Although wives were companions to their husbands, they were subordinate to them also. But real love did exist. (King, p.37) Nevertheless even if there was love, husband was still in charge of everything. (King, p.38) He could even beat his wife without any legal consequences. (King, p.43) Husband was in charge of all property, but wife's dowry. (King, p.49-50)

Everything in the family life was regulated, even intercourse (King, p.41) and what women should wear (King, p.39).

Widows

"No wife could attain the social freedom available to some widows". (King, p.56) Some widows could even govern her husbands property.

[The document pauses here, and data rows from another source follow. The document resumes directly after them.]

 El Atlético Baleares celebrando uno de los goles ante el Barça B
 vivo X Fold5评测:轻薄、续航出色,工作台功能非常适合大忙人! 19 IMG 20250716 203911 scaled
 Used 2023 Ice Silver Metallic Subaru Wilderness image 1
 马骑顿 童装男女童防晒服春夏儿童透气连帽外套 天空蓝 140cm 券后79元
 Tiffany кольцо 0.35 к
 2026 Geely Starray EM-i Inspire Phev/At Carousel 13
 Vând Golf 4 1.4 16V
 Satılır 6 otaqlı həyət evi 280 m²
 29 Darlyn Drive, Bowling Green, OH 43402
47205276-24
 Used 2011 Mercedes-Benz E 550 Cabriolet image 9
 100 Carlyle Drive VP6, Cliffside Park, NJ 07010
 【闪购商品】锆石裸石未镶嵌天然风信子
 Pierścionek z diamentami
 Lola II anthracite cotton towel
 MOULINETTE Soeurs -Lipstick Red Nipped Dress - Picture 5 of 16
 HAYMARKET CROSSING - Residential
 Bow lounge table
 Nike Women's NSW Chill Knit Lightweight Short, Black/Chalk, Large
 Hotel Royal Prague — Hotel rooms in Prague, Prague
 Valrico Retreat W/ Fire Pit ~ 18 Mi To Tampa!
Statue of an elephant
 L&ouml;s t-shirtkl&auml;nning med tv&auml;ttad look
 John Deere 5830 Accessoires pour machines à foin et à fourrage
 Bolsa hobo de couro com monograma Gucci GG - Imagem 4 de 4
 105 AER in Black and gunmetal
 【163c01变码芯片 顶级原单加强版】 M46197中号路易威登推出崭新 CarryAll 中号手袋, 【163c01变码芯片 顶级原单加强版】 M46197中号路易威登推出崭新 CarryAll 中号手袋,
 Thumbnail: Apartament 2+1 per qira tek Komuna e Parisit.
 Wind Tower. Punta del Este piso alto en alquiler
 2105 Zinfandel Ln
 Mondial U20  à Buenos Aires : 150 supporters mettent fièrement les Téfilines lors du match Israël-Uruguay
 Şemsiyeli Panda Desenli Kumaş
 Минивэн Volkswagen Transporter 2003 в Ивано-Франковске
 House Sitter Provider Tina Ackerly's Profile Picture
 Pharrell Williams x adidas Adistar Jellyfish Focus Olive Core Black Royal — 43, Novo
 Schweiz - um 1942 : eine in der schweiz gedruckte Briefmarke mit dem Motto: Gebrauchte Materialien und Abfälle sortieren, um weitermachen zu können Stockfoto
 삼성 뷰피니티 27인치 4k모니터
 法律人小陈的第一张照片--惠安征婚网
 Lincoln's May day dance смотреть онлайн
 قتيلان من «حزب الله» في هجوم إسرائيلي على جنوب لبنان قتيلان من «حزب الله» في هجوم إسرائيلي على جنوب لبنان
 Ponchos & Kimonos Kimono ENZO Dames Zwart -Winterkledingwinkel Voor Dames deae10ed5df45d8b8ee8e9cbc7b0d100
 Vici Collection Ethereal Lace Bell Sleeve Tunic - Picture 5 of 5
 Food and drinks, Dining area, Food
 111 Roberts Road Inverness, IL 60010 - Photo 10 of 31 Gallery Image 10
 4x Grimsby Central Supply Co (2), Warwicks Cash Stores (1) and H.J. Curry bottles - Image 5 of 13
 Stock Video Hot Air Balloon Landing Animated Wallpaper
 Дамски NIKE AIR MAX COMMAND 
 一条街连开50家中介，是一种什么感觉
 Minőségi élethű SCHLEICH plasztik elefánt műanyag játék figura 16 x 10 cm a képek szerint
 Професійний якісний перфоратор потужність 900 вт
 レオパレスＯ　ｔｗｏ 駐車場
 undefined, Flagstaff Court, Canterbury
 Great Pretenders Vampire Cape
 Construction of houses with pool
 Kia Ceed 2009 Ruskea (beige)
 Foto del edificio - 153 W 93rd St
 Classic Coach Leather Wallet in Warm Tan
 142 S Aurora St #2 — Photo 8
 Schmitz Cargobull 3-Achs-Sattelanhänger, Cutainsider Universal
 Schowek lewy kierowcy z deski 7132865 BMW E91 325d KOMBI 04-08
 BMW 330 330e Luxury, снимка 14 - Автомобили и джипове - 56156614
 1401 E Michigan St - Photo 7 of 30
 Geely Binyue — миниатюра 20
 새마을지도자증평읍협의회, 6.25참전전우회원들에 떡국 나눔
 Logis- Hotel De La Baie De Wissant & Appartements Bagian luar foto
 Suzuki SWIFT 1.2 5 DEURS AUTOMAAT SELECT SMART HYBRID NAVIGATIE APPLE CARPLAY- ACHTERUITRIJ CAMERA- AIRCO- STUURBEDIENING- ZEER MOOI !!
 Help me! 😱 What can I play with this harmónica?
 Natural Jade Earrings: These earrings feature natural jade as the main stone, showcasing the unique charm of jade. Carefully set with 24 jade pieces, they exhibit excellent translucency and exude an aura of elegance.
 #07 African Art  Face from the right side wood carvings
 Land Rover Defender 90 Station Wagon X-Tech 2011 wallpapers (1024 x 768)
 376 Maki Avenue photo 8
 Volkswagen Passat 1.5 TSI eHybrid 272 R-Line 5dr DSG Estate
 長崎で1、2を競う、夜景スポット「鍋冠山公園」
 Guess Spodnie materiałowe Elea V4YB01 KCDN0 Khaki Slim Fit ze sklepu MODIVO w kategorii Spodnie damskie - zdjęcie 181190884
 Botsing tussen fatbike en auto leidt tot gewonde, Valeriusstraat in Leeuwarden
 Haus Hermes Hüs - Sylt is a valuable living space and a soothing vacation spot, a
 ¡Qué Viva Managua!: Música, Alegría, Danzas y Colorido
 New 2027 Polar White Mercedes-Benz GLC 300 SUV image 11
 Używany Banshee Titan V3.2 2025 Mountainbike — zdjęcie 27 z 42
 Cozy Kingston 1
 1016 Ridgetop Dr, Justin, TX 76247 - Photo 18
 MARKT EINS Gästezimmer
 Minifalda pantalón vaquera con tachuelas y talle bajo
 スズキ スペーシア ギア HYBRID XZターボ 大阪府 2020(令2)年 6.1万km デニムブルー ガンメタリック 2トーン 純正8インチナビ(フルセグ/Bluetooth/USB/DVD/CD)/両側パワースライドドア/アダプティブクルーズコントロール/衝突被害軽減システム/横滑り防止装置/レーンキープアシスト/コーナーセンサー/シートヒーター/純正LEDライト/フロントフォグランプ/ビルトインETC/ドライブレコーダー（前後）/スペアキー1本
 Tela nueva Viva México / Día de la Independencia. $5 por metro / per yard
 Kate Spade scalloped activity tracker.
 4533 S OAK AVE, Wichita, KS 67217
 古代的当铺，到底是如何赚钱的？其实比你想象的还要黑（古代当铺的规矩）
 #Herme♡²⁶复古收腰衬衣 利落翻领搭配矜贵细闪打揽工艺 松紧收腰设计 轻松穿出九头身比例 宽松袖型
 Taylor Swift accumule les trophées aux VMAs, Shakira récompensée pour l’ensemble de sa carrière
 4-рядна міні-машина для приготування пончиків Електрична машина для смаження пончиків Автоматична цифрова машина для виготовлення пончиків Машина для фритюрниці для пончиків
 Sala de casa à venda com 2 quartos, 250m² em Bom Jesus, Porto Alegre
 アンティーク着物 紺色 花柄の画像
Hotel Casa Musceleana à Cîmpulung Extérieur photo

Many young childless women had to return to their fathers house. (King, p.58-59) Widows with children usually "invited to remain in the marital household". (King, p.59)

Workers

The women were involved into different professions, also their opportunities compare to men were very small. Most women were involved in the textile production (King, p.66), but "... the level at which they were permitted to participate shifted downwards as cloth production became increasingly organized and taken over by male supervisors and workers." (King, p.67)

Convent Walls.

In the Renaissance Europe daughters were viewed as threat to the family wealth. The only legal way to get rid of unwanted daughters was to send them to monasteries. That phenomenon gave raise to nunnery. But "[t]he history of female monachation is at least in part the history of female imprisonment." (86) The majority of nuns were from wealthy families. But increase in numbers followed by decrease in morale in the convents. Many nunneries were called "non convents but whorehouses and public bordellos." (85)

Determined Nuns.

Not all nuns were prisoners. Some of them chose to dedicate their life to God by taking the vows of poverty, chastity, and obedience. That path gave them some freedom from the patriarchal world of families, states, and church. Even the Reformation did not change their mind: many nuns refuse to leave their monasteries.

Holy Women.

"The most characteristic movement of female communitarian life in the early Renaissance is that of the Beguines." (104) as most of the nuns, Beguines came from the wealthy families. The official church opposed the female movements and insisted on the "male direction of female religious life". (110) Renaissance women were also involved in different heretical groups.

Female Sanctity.

"Women engaged in the pilgrimage of the spirit with great earnestness in the Renaissance centuries." (117) Jesus was viewed as a father, husband, or son. "Physical, even erotic, encounters with Christ" (120) were reported during that time. But all those spiritual and mystical experiences were accompanied by masochistic behavior. Women starved themselves to death, mutilated their bodies, and did other dangerous to their health things. This gave some "authority in the public realm" (126) to some holy women. That also caused to increase the proportion of the females among sainted. "This age of commercial aggression and mental strife was an age of female sanctity.," (130)

The Family and the Holy.

"Would-be saints determinedly fled their fathers, husbands, and suitors." (131) "The leitmotif of the flight from marriage and family is encountered in Italy as well as the North." (132) Also the demographic factors (great numbers of "unmarried, widowed, or unmanageable women women" (135)) can be an explanation for the large number of nuns during Renaissance.

Women and the Reform.

Reformation change views on the family life: marriage was the only right path for women. But it also limited choices. Women were "secondary citizens" within their families. Public life of women was opposed by Protestants and Catholics, but Protestants opposed the monastic life as well, which gave some freedom to women in Catholic world.

The Great Witch-Hunt.

Witch-hunt caused about 60,000 deaths, majority of them were among women, and is comparable to the Holocaust in methods and selection of victims (Jews in the Holocaust and women in witch-hunt). The prosecutions and methods were the same in the Catholic and Protestant countries (with exception of England, where tortures were illegal). The punishment was the burning in the church courts and the hanging in the secular courts.